Forgiveness. My father was not the best dad when I was young, as he was fighting many issues of his own including alcoholism, and I was bitter about it as a younger man. When I completely forgave him, however, it not only freed my own head of a lot of anger, it also helped me appreciate and enjoy my dad more and more. By the time he passed away I had learned to enjoy every moment with him.
Visiting your elderly parents when you can. B/c I enjoyed my dad and b/c I knew his time was limited, I made it a point to call every week and to visit him in AZ regularly. And now that he is gone, I could not be happier that I made that commitment.
Don’t confuse self-worth with net worth. B/c this is such a problem in America, this phrase has almost become a cliché. But my dad suffered badly from this confusion to the very end.

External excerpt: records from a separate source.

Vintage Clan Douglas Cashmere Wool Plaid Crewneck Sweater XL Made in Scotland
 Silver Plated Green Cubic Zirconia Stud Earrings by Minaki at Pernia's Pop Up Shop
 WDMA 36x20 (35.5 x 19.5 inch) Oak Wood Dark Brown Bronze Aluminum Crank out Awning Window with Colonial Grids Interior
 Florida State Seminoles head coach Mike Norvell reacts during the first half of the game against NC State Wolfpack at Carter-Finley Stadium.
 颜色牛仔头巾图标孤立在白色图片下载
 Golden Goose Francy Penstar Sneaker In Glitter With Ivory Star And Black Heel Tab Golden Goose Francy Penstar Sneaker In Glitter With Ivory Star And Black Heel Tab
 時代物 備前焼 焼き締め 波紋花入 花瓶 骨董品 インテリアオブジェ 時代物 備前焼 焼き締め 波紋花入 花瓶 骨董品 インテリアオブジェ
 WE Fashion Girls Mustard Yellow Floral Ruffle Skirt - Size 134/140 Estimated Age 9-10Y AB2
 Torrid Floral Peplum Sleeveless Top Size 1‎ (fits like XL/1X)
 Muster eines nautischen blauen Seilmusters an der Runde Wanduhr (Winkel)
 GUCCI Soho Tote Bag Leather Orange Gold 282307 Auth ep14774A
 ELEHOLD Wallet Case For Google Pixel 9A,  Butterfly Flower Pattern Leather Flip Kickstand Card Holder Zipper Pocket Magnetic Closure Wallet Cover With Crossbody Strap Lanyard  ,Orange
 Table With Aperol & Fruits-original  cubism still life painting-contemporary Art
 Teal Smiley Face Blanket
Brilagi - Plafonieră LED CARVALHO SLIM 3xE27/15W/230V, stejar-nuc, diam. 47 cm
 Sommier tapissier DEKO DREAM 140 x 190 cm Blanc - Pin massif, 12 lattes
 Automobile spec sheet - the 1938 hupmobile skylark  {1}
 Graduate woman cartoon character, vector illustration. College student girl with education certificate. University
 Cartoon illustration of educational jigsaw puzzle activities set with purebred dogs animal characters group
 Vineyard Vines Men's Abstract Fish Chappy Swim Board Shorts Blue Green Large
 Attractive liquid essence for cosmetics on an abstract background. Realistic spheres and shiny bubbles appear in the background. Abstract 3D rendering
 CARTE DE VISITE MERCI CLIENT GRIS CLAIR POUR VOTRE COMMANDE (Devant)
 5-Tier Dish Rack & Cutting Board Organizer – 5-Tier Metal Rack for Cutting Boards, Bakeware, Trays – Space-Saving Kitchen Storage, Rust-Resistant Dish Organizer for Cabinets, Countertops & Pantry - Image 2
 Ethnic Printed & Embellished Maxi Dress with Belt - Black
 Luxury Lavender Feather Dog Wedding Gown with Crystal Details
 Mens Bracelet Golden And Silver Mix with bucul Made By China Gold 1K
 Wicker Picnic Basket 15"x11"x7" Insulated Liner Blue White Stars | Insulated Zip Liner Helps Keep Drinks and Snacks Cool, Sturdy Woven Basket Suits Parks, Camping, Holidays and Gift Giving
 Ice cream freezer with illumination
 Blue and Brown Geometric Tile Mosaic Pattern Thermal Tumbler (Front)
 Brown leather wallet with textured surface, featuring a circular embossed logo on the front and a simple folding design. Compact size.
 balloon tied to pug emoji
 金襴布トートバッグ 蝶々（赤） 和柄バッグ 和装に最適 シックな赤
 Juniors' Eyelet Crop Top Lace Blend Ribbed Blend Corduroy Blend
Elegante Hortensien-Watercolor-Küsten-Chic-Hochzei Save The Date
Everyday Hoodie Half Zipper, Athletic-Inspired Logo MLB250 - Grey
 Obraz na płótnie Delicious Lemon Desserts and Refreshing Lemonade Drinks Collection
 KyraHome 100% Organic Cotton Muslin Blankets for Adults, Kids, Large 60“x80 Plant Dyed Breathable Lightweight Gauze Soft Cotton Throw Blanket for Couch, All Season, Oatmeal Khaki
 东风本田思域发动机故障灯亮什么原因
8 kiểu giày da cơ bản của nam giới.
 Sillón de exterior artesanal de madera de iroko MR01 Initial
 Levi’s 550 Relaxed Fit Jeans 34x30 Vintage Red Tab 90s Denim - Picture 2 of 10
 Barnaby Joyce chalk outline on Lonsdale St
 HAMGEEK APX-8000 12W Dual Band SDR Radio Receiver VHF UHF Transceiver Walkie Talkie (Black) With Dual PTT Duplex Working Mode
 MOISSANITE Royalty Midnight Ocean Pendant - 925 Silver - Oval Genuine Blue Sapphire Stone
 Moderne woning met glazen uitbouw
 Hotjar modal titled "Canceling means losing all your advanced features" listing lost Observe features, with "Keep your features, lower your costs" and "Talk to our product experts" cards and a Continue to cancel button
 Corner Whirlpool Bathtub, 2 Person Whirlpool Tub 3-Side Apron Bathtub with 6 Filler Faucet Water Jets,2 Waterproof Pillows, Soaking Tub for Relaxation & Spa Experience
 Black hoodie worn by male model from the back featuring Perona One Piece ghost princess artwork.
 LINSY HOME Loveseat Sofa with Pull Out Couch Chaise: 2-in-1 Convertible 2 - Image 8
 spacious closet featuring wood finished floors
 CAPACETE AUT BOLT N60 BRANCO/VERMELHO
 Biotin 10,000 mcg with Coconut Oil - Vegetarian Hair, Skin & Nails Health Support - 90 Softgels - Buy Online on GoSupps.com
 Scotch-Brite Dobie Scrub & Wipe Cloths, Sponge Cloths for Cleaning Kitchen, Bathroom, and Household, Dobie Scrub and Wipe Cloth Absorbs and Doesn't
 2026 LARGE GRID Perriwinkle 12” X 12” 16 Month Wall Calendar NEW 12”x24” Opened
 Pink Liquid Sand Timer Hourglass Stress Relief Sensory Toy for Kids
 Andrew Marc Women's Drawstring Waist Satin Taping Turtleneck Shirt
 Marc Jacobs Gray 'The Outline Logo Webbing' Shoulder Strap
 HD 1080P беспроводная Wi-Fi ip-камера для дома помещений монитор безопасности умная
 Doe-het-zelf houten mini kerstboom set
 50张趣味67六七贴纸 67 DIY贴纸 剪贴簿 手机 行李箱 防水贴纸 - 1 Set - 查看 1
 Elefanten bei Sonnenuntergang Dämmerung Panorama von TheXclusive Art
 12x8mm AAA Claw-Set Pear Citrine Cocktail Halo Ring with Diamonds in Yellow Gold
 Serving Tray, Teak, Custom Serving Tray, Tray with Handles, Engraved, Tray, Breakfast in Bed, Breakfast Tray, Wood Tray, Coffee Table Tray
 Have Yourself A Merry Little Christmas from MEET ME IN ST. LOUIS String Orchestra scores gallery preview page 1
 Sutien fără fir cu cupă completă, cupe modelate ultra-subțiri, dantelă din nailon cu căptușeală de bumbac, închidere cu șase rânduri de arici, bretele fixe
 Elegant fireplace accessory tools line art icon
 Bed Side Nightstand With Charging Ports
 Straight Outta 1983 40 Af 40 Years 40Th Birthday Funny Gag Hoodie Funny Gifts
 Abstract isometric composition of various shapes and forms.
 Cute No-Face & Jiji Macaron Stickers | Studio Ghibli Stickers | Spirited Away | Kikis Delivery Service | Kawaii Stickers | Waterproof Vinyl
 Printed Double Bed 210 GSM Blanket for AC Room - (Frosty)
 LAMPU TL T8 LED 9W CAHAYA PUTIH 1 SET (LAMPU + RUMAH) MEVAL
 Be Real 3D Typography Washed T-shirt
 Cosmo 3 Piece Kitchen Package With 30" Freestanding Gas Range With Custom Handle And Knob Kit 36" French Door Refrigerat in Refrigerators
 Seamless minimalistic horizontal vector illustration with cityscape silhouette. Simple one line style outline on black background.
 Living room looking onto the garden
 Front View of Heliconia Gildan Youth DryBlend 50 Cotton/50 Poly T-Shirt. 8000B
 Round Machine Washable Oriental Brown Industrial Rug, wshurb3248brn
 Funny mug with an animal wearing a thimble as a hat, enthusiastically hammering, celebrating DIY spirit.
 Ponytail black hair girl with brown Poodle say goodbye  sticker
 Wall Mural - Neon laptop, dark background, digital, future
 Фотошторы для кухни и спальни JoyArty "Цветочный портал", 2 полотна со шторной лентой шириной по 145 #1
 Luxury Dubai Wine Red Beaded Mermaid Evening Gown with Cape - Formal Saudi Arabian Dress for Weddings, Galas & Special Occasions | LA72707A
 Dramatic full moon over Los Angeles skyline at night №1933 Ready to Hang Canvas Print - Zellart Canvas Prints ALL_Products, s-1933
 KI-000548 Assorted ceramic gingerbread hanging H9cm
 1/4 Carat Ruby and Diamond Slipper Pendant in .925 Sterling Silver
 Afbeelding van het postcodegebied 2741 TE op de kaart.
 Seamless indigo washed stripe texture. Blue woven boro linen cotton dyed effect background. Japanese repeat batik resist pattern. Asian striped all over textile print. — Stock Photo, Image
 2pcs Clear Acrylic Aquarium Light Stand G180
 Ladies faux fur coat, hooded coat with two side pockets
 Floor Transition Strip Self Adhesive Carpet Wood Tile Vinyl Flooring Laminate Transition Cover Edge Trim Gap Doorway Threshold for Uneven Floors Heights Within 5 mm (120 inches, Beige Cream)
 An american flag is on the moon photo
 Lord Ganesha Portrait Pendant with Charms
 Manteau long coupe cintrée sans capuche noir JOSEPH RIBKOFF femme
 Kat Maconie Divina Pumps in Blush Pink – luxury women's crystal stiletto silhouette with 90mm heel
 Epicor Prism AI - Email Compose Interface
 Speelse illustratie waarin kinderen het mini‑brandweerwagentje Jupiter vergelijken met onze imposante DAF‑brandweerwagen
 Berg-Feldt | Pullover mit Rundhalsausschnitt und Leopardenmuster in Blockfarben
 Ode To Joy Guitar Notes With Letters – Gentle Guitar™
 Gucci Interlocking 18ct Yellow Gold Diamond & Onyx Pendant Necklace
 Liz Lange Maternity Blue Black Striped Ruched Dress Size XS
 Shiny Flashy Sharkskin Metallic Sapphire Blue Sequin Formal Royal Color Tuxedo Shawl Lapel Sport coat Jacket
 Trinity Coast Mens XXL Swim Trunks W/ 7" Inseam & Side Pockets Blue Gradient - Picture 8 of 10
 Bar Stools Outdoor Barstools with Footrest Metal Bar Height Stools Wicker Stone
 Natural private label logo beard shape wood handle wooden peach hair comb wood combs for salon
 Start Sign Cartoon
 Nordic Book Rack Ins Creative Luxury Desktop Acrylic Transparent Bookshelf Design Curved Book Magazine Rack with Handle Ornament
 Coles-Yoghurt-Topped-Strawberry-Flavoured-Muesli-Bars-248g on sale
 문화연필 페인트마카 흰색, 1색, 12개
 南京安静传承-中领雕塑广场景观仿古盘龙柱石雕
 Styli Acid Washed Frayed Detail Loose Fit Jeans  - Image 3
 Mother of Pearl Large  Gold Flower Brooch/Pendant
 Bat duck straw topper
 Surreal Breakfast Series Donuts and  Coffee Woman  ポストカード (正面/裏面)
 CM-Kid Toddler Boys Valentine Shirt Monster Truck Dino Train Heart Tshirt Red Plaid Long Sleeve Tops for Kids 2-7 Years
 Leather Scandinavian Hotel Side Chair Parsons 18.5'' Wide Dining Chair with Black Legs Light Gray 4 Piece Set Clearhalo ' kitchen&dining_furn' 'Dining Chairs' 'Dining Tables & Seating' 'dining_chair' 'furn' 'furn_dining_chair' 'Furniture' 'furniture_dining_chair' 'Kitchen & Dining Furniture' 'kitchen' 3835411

It was sad b/c it often kept him from enjoying life and how much he was truly loved for just being a friend, husband, dad, and grandpa.
Don’t stop trying or swinging for the fences. The one positive byproduct of my dad’s net worth/self-worth confusion was his need to keep working and to keep swinging for the fences to the very end. This kept him in the game and kept him very engaged and active. There is no doubt he would have deteriorated many years sooner if he had just “retired.”